These days my lessons are coming clearer to me. I don’t always understand why, but lately I find myself gaining deeper insight. I sense that God is testing my limits. If you are like me, you do not like having limits, especially if it is something you think you can do. God puts limits on us so that we can learn the important lesson of letting God be God and me be me.
When you are doing God’s work for Him, it will always end in disaster. I know this from personal experience. I’m finding greater joy by seeing the boundaries He has placed before me and accepting that His wisdom is far above mine.

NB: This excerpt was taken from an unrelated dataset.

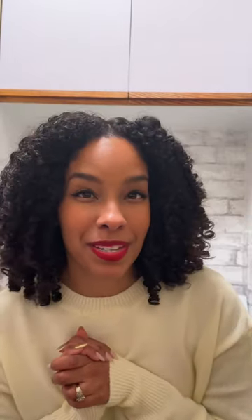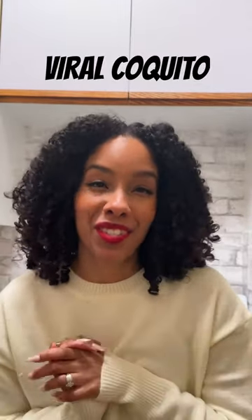My coquito recipe has gone viral. Thousands of people have told me how much they love it. It's vegan and dairy free. Let me show you how I make it.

A recent example occurred when my husband and I were driving on a highway and were the first car behind a terrible accident. There was an hysterical mother and an injured child. God sent an EMT and a nurse to be there for the child. I had to wonder why He had me there because I could not go down into the ravine to help the woman calm down. My back injury made it impossible for me to be there for her. I was limited to prayer. In my wisdom it seemed a waste. Yet, in God’s wisdom prayer was exactly what He had for me to do in this situation.
I believe Isaiah 55:9 better than ever. “As the heavens are higher than the earth, so are my ways higher than your ways and my thoughts than your thoughts.” Life with limits is starting to make sense to me. Rather than tell God what to do in my prayers, I’m beginning to enjoy the reality of letting the heights of the heavens teach me the heights of God’s wisdom over mine.

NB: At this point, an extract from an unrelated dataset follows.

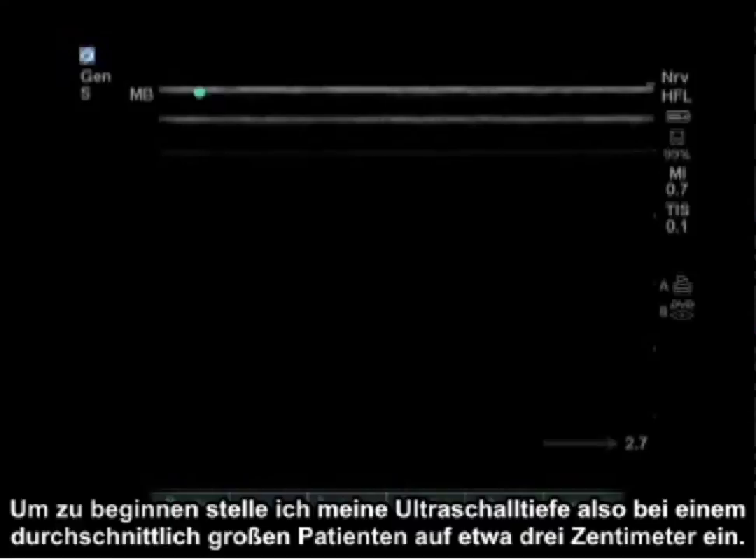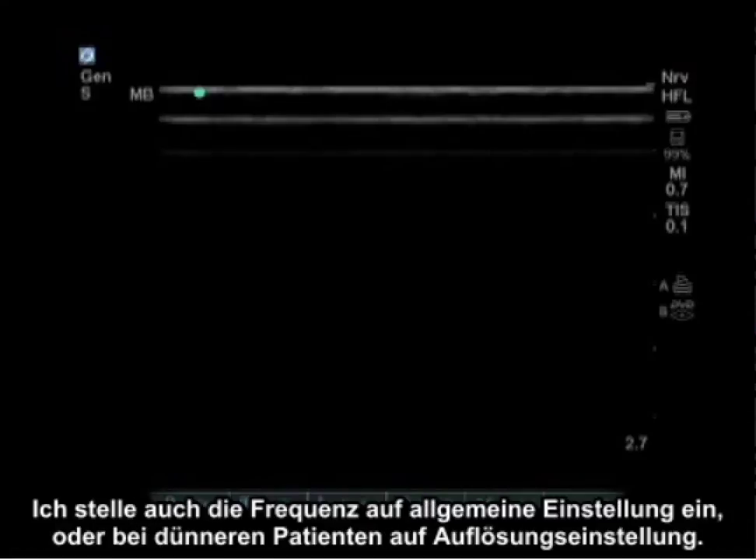To start, I usually set my ultrasound depth to approximately three centimeters in an average size patient. I also set the frequency to the general setting or resolution setting in skinnier patients.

I have a limited view of what this life is all about and God sees it all. He knows the beginning and the end. He has a perspective that I cannot see. This is what I mean when I say I’m getting it. It’s not that I have God’s thoughts and that I have understanding of the complicated realities of living in a sinful world. Rather I have confidence that God has thought it all out and has decided that this is the best way.
Don’t get me wrong; accepting my limits is not an easy task. At the present time I am limited in what I can do with my body because of my injury. All the ways I could exercise and hike and bend with my body are now on my do not attempt list until I heal. I appreciate the things that I used to be able to do better now. I didn’t know how blessed I was to be able to walk fast with my husband for aerobic exercise. I can’t wait to get healed so I can go back to my normal life, even reaching down to a lower drawer is a task that needs thought and planning now.
Accepting God’s limits hasn’t been easy, but it I do understand the spiritual lesson here. I keep reminding myself that God is God and that He does His work in His way. My privilege is to join Him in His work and not try to take over what He has planned. I don’t like my limits, but it is starting to make sense to me.